Almost every second day there is some interesting news in the big data world - last Tuesday Fujitsu announced that they will offer a cloud platform to leverage big data and MapR, an apache Hadoop distributor, has just secured a twenty million dollar funding led by Redpoint ventures. There are numerous others like couch.io, 10gen, Cloudera, Neo Technology, Loggly, Hypertable etc. who got funded earlier. Today, market seems to be most receptive to Apache's Hadoop-based distributions which includes offerings from companies like Cloudera, IBM and EMC.

But big data adoption has still not reached tipping point in enterprises even though you will find many pilot projects. The primary reason being that there is still confusion around which problems are big data problems. What are the right questions to ask? Basically, how do you start and structure a project? What is the scope of a project? Cloudera has done a great job in raising the awareness but still the focus is very technical. The story is very different if you consider pioneers like Google, Yahoo and early adopters like Linkedin, Facebook etc.. Big data is critical part of their business and their needs are very different. Startups in the web space like Bitly, Foursquare and many others have similar needs - maybe not in terms of scale but at least in terms of flavor. Also, not every company is going to have a petabyte problem - infact, most of the companies have terabytes problem. The ecosystem of tools in this space is maturing very quickly, though still immature as compared to other fields. The majority of the existing use cases are around click stream analysis, log analysis, marketing analytics, text processing etc.. For e.g. NTT Communications built a log analysis system for marketing using hadoop, which explore the internet users’ interests or feedback about specified products or themes from access log, query. CBS interactive used Hadoop as the web analytics platform, processing one billion weblogs daily from hundreds of web site properties at CBS Interactive. Right now, targeted advertising is the biggest market for big data applications and there is lots of interest in using social media analytics from big data. While the problem of  finding unexpected patterns in unstructured data makes sense but there is lots of work to be done for structured data. Because not all problems in the enterprise is going to be around unstructured data specially if you consider industries like financial services. The schemaless and flexible aspect of nosql technologies used to solve big data problems is begining to be viewed as very attractive specifically for ETL kind of operations.

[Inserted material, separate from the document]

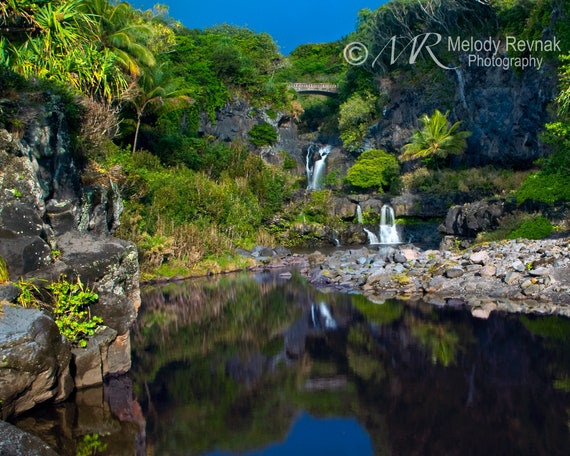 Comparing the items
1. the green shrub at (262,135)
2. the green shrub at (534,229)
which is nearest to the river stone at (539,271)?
the green shrub at (534,229)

In the end, the promise of big data is about building models, cause and effect relationships and predicting outcomes. The expectations are high as it is even considered critical path to building personalized medicines in future. But we need to take various baby steps before we get there. Not having the right set of skillset to focus on big data is another problem and having a steep learning curve to understand technologies like Hadoop/Mapreduce doesn't make it easy also. Abstractions over Mapreduce like cascading, pig and hive are good approaches but are still relatively new. Market for use case driven applications is least understood and not tapped. Using public cloud for big data seems no brainer from cost perspective but there are practical problems like how do you move large amounts of big data to/from the cloud. Scalability problem is sorted out using technology like Hadoop but building analytical applications is where the challenge is. Big data is here to stay and the space has become very interesting but many unknowns are still there before it starts becoming mainstream.